[Start of section]

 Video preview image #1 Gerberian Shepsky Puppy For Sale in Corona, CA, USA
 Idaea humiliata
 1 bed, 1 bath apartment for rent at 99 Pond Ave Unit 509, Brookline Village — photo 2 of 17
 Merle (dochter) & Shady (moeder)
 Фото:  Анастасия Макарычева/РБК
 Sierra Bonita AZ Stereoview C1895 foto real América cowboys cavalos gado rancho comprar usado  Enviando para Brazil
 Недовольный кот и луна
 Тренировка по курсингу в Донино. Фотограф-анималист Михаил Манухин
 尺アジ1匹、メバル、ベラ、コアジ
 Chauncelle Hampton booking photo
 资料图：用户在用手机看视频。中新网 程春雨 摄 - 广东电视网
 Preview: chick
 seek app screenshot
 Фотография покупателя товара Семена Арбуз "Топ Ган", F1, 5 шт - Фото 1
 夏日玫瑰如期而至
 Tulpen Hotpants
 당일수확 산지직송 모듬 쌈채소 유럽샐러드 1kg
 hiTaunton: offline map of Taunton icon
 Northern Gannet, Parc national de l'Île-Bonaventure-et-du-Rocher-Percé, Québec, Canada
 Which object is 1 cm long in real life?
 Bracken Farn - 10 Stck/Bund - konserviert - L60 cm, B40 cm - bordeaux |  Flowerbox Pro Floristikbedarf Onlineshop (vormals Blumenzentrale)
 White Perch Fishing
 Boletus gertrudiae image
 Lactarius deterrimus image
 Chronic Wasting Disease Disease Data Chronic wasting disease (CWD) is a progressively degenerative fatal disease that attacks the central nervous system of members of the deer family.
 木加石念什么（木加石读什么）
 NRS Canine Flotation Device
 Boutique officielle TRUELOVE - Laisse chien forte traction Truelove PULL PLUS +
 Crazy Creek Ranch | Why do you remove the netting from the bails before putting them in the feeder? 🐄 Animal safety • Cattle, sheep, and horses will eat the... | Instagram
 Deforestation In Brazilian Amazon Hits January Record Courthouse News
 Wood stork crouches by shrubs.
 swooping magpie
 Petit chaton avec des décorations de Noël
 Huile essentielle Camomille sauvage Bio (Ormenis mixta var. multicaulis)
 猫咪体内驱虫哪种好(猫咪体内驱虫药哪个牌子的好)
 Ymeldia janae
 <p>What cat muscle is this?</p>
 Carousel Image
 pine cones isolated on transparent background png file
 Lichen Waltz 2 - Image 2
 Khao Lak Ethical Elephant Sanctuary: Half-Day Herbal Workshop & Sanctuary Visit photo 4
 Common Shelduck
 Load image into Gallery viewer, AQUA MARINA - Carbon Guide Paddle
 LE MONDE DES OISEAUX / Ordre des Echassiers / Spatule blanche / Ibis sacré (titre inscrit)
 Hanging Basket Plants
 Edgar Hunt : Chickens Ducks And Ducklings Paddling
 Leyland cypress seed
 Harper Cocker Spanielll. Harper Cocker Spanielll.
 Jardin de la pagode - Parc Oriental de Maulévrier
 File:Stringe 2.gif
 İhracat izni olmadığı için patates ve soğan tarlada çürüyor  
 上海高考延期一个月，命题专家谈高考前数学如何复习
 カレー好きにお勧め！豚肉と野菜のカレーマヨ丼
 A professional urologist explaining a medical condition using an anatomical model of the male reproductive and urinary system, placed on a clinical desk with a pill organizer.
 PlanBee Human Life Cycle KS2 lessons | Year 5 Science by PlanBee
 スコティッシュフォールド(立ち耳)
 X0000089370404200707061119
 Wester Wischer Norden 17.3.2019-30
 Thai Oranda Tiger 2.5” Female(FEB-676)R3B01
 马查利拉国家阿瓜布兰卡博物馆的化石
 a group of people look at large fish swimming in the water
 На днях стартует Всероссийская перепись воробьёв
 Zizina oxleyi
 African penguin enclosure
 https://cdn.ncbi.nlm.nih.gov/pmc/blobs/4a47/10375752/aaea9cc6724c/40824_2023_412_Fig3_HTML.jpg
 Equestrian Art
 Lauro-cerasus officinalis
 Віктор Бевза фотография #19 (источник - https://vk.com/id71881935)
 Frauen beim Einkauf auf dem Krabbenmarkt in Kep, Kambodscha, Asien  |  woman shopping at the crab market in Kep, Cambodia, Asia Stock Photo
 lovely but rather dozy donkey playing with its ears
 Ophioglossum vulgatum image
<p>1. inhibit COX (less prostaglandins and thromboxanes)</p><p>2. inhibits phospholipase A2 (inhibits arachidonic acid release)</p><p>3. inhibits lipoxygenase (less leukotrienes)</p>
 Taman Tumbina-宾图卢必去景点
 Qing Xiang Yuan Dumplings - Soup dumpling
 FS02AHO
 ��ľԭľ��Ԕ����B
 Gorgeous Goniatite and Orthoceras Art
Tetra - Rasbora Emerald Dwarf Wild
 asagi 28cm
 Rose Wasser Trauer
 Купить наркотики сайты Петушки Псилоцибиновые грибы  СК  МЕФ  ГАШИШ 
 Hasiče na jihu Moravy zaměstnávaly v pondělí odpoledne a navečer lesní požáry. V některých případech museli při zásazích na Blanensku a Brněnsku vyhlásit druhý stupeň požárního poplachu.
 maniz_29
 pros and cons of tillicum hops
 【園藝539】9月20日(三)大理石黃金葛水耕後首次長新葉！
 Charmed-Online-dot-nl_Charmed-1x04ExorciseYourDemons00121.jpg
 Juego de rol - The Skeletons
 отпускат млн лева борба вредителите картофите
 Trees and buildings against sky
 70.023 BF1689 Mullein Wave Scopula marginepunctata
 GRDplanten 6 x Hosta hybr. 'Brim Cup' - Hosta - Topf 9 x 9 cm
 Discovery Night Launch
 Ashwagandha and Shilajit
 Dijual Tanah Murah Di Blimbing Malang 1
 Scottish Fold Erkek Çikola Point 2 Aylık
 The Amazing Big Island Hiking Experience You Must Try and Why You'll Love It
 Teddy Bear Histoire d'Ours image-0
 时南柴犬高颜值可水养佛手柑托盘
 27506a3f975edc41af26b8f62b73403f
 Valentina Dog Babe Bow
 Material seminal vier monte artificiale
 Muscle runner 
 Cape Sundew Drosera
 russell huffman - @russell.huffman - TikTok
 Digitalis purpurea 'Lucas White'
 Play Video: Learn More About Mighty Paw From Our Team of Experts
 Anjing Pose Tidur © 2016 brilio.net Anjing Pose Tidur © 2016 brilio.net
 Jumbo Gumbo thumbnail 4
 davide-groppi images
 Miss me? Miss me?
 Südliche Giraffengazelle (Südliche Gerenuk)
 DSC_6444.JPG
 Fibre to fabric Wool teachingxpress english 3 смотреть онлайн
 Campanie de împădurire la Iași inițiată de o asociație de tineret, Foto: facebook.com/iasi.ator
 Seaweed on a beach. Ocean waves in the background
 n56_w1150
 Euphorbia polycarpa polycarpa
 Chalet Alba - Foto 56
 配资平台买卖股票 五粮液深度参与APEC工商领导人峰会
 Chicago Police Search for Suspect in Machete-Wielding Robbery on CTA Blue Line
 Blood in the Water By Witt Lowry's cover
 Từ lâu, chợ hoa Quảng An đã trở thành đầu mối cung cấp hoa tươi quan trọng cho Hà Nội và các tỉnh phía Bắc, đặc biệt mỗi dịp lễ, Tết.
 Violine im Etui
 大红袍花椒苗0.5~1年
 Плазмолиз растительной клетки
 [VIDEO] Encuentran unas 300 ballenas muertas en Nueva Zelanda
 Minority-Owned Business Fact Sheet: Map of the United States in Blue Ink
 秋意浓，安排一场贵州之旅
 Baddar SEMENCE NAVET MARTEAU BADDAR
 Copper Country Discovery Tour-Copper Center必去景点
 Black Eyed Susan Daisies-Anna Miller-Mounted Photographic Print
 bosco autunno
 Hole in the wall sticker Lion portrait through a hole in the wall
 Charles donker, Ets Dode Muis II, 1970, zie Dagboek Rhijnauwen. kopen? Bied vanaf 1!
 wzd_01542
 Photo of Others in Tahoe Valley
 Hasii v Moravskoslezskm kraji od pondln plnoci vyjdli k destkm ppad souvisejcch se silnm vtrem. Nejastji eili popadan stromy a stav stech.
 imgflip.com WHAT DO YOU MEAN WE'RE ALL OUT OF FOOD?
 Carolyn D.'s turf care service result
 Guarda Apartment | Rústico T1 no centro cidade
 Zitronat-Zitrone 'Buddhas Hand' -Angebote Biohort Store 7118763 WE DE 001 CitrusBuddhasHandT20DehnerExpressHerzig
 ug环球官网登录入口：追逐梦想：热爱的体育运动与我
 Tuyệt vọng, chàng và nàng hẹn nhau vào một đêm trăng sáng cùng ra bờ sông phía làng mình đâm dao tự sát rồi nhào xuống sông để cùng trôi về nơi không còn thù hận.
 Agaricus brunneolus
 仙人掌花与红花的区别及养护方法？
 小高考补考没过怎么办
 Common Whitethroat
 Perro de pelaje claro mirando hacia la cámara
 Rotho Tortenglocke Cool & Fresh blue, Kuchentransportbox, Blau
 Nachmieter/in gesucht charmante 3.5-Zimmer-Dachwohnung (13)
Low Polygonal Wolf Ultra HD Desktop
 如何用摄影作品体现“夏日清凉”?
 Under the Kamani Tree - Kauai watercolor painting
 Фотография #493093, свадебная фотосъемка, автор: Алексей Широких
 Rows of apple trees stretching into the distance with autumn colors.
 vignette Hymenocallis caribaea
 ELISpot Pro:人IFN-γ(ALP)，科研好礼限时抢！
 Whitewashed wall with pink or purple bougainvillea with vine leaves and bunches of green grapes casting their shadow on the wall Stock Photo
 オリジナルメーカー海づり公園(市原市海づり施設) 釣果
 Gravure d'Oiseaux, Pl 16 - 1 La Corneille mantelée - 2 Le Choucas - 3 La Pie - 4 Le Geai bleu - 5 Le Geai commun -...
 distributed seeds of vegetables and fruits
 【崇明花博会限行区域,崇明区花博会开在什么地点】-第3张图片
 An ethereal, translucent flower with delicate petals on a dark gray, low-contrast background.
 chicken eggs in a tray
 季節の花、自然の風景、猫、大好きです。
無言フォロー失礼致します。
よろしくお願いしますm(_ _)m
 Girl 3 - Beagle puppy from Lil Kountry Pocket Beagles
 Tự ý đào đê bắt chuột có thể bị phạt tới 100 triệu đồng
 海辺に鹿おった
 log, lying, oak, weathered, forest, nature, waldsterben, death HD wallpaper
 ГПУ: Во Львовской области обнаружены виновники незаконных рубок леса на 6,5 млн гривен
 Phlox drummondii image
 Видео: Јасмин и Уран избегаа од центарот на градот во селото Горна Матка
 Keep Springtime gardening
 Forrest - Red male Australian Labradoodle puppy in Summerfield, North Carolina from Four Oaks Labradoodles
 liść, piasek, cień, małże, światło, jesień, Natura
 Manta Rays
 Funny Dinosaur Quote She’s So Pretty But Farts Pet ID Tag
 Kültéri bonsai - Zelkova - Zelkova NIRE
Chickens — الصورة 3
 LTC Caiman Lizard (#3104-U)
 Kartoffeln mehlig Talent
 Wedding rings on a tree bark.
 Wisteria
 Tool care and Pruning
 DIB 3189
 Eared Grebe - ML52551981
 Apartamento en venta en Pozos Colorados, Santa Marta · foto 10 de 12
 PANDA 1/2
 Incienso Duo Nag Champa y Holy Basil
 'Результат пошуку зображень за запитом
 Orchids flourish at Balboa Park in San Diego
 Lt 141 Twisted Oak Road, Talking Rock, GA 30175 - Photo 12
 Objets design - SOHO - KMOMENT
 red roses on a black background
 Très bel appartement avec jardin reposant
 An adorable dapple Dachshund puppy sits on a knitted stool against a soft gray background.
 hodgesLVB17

[End of section]

Check each line in the records above for the word "system". Return those that have it.

 Chronic Wasting Disease Disease Data Chronic wasting disease (CWD) is a progressively degenerative fatal disease that attacks the central nervous system of members of the deer family.
 A professional urologist explaining a medical condition using an anatomical model of the male reproductive and urinary system, placed on a clinical desk with a pill organizer.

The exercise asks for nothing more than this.